Metropolis: The Chase Suite, sometimes known as Metropolis: Suite I (The Chase),  is the debut extended play (EP) by American recording artist Janelle Monáe, released August 24, 2007 on Bad Boy Records. Produced by Monáe, Control Z, and Chuck Lightning, the EP constitutes the first installment of Monáe's seven-part Metropolis conceptual series.

The EP debuted at number 115 on the US Billboard 200 chart, selling 5,200 copies in its first week. It was re-released as a special edition on August 12, 2008 and produced three singles, "Violet Stars Happy Hunting!!!", "Sincerely, Jane.", and "Many Moons".

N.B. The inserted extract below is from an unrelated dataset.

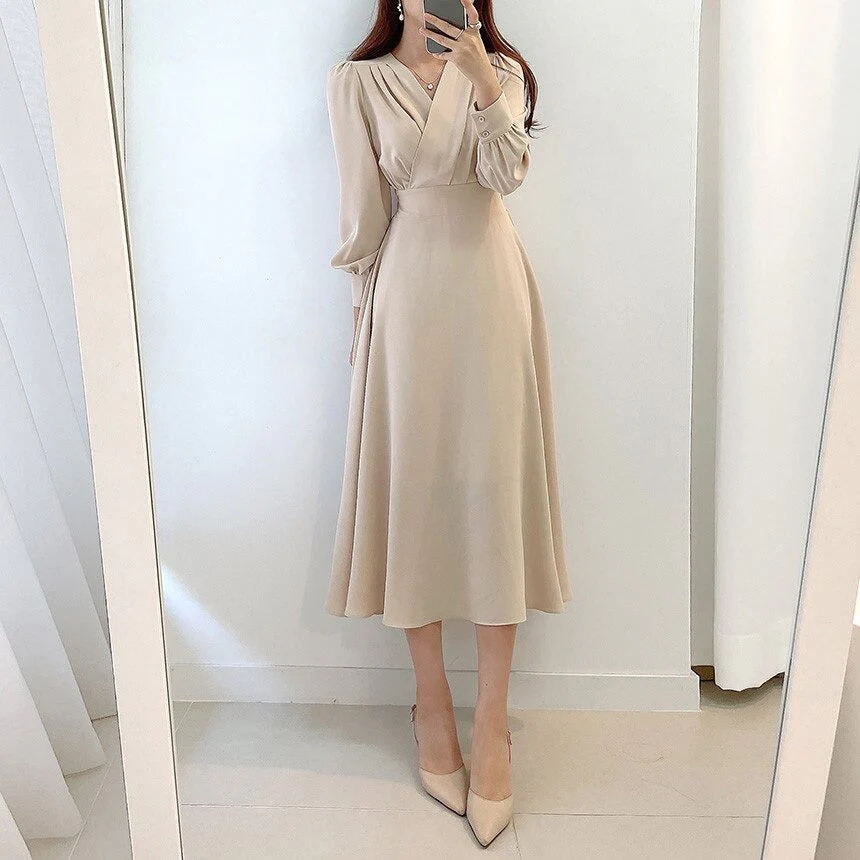 Heidi-Mode | Elegantes Kleid mit Puffärmeln und V-Ausschnitt In A-Linie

Upon its release, Metropolis: Suite I (The Chase) received critical acclaim from music critics, with "Many Moons" being nominated for Best Urban/Alternative Performance at the 51st Annual Grammy Awards.

Concept
Metropolis: Suite I (The Chase) is the first installment of Monáe's seven-part Metropolis conceptual series, inspired by Fritz Lang's science fiction classic film, Metropolis (1927). It follows a fictional tale of android Cindi Mayweather who is mass-produced in the year 2719 for a market filled with severe social stratification. Mayweather falls in love with a human, and is sentenced to disassembly.

Critical reception

Metropolis received critical acclaim upon its release. Mark Nero from About.com gave the EP a positive review saying "Though she's new to the mainstream, the quirky, highly-talented singer Janelle Monae has been putting out music for years. ... If you've heard the original version of the EP, there's no need to pick this up unless you're a diehard fan, but if this is your first exposure to Janelle's music, you're in for a treat. Hip-Hop DX gave the EP a positive review saying, "Even without the random interplanetary references and notions of forbidden robot love, Metropolis has the type of production that takes its cues from something made in the past, as well as the future. The drums hit hard, and when combined with the synth keys, strings and the occasional electric guitar, they make for an oddly enjoyable mix." The Kansas City Star gave the EP a positive review.

Commercial performance
Metropolis: Suite I had minor success in the United States where it peaked at number 115 on the US Billboard 200 chart and fared much better on the R&B/Hip-Hop Albums chart at number 20. The album also charted on the Top Heatseekers chart at number two. The EP spent one week on the Billboard 200, but spent 9 weeks altogether on both the R&B/Hip-Hop Albums chart and the Top Heatseekers chart.

Track listing

Personnel
Credits for Metropolis: Suite I (The Chase) adapted from AllMusic.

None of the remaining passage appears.